Exercise prompt:
Exactly the lines from the opening of the records through the line containing "You can get" should be copied, with both included.

(Collected data)

========================

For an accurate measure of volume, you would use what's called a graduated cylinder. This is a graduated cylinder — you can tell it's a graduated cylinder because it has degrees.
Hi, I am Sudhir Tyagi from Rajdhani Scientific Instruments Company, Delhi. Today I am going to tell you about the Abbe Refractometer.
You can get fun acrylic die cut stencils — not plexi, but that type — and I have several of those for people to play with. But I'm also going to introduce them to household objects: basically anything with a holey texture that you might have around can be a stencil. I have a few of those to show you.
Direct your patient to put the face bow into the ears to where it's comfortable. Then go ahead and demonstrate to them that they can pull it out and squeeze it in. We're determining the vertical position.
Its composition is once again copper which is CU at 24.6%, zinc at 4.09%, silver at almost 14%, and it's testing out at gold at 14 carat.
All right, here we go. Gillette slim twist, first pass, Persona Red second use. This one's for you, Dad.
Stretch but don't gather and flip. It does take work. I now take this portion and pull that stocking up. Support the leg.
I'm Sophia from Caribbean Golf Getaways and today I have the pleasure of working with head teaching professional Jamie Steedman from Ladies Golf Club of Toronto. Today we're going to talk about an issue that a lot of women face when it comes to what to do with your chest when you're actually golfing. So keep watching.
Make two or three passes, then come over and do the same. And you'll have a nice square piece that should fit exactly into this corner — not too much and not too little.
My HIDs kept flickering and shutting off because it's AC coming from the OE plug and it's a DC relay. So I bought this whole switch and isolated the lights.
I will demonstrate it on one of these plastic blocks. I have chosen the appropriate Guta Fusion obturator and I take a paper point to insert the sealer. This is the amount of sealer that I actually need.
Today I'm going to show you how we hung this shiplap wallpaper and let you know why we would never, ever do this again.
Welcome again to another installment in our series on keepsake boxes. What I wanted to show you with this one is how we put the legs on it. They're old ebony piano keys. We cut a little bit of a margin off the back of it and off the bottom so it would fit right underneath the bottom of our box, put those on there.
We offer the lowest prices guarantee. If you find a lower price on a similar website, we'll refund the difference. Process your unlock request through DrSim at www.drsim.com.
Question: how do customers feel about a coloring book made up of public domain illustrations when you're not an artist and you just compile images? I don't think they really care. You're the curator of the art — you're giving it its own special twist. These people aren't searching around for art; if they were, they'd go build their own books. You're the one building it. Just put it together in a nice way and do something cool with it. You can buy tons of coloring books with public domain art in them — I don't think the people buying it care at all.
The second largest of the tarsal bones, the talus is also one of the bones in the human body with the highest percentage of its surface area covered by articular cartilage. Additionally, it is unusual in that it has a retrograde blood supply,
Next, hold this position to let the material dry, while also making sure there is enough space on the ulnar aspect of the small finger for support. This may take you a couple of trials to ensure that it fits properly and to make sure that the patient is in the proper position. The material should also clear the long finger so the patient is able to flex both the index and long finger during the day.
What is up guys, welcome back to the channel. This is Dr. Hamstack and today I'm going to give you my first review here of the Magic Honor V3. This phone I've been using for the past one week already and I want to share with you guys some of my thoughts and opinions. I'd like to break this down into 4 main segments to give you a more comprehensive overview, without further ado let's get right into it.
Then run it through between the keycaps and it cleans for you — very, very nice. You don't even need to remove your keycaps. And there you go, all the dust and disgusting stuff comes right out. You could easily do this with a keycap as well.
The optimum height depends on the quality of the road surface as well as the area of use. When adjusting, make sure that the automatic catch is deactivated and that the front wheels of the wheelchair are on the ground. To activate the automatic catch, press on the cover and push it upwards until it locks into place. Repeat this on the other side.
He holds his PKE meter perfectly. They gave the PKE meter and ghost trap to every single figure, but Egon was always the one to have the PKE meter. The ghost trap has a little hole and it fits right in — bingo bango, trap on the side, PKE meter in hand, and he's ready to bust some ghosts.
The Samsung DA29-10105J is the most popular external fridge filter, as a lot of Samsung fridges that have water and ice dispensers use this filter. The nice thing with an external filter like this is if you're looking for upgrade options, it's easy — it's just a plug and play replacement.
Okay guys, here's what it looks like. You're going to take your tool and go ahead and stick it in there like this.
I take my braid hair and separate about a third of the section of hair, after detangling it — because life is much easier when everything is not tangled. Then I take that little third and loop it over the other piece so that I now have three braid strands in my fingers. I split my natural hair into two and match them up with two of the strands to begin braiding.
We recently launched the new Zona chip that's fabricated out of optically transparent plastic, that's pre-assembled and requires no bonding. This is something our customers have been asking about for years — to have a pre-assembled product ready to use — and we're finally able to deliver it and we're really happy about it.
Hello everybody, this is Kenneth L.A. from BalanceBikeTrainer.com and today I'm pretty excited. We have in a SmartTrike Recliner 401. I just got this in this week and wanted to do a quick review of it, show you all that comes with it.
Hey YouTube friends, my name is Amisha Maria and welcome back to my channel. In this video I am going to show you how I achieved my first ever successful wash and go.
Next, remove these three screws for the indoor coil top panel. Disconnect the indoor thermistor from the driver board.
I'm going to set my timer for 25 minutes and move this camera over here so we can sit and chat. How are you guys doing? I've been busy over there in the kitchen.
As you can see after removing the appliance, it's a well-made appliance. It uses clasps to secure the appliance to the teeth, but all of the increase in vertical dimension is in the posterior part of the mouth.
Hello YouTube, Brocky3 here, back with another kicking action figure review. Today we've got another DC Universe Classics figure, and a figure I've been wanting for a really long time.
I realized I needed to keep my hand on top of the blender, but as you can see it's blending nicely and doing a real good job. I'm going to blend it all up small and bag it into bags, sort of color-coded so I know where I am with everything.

========================

Exercise output:
For an accurate measure of volume, you would use what's called a graduated cylinder. This is a graduated cylinder — you can tell it's a graduated cylinder because it has degrees.
Hi, I am Sudhir Tyagi from Rajdhani Scientific Instruments Company, Delhi. Today I am going to tell you about the Abbe Refractometer.
You can get fun acrylic die cut stencils — not plexi, but that type — and I have several of those for people to play with. But I'm also going to introduce them to household objects: basically anything with a holey texture that you might have around can be a stencil. I have a few of those to show you.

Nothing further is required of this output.